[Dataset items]
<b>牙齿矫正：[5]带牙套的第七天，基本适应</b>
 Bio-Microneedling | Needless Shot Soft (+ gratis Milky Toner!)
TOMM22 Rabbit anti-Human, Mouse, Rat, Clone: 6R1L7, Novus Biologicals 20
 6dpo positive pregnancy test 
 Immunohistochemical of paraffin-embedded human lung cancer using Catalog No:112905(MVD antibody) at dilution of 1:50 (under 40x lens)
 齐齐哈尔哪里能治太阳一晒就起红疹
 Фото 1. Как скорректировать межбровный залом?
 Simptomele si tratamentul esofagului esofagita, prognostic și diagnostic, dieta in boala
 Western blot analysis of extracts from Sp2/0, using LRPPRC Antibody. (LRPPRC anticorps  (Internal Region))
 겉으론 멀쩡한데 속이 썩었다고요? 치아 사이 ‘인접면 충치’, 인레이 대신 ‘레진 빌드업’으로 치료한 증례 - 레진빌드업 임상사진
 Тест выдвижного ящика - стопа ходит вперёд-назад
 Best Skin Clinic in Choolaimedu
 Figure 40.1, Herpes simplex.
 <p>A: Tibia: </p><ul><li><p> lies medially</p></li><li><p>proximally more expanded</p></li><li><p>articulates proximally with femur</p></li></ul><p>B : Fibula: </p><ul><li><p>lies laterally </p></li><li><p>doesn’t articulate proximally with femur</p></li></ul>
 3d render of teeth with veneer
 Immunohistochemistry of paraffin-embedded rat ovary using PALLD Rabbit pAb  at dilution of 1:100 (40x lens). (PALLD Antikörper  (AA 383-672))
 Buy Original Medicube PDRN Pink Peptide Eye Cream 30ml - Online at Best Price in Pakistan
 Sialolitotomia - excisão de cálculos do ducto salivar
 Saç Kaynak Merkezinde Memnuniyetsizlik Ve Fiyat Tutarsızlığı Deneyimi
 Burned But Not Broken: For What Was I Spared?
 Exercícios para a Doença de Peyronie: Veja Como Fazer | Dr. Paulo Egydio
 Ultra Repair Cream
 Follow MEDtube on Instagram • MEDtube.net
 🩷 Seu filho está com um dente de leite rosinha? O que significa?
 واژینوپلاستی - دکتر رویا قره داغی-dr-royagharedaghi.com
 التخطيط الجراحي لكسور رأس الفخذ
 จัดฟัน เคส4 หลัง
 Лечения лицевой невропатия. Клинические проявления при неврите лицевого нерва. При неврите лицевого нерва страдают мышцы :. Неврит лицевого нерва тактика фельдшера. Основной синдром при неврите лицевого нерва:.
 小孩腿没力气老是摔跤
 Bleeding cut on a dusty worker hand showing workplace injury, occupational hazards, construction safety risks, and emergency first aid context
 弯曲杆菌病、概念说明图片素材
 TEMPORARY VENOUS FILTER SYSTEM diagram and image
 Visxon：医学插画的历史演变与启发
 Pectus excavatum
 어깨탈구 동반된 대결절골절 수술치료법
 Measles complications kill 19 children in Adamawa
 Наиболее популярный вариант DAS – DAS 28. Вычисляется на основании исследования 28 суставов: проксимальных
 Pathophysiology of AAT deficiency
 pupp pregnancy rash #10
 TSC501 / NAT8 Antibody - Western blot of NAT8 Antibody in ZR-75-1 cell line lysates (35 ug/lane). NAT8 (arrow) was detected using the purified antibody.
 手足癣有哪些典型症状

WHAT THE TASK REQUIRES>
For the lines above, output exactly those from the line containing "Immunohistochemistry of paraffin-embedded" through the line containing "Sialolitotomia - excisão", and skip the others.

RESPONSE>
 Immunohistochemistry of paraffin-embedded rat ovary using PALLD Rabbit pAb  at dilution of 1:100 (40x lens). (PALLD Antikörper  (AA 383-672))
 Buy Original Medicube PDRN Pink Peptide Eye Cream 30ml - Online at Best Price in Pakistan
 Sialolitotomia - excisão de cálculos do ducto salivar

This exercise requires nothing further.